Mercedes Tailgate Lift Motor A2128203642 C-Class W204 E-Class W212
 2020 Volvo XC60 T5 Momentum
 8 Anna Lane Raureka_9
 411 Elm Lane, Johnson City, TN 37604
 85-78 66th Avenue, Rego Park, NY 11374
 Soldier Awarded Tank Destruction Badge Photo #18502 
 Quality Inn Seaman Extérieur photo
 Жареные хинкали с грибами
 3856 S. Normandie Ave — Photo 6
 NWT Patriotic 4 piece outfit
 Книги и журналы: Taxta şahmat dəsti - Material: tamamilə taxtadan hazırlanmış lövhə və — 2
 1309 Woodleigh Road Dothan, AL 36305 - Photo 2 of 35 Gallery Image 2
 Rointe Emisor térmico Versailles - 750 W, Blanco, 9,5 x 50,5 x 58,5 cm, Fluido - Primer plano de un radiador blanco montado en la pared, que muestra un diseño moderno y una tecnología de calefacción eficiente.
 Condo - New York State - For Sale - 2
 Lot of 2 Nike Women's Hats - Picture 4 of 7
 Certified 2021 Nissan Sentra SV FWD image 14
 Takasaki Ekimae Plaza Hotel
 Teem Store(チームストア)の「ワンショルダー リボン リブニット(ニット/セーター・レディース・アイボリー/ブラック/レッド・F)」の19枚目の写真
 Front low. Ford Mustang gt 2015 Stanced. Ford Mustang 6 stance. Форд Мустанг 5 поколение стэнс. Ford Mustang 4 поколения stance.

## WHAT YOU NEED TO DO
Your answer must be the line holding "Lot of 2 Nike Women's Hats - Picture 4 of 7" plus every later line to the end of the records, copied exactly.

## OUTPUT BELOW
 Lot of 2 Nike Women's Hats - Picture 4 of 7
 Certified 2021 Nissan Sentra SV FWD image 14
 Takasaki Ekimae Plaza Hotel
 Teem Store(チームストア)の「ワンショルダー リボン リブニット(ニット/セーター・レディース・アイボリー/ブラック/レッド・F)」の19枚目の写真
 Front low. Ford Mustang gt 2015 Stanced. Ford Mustang 6 stance. Форд Мустанг 5 поколение стэнс. Ford Mustang 4 поколения stance.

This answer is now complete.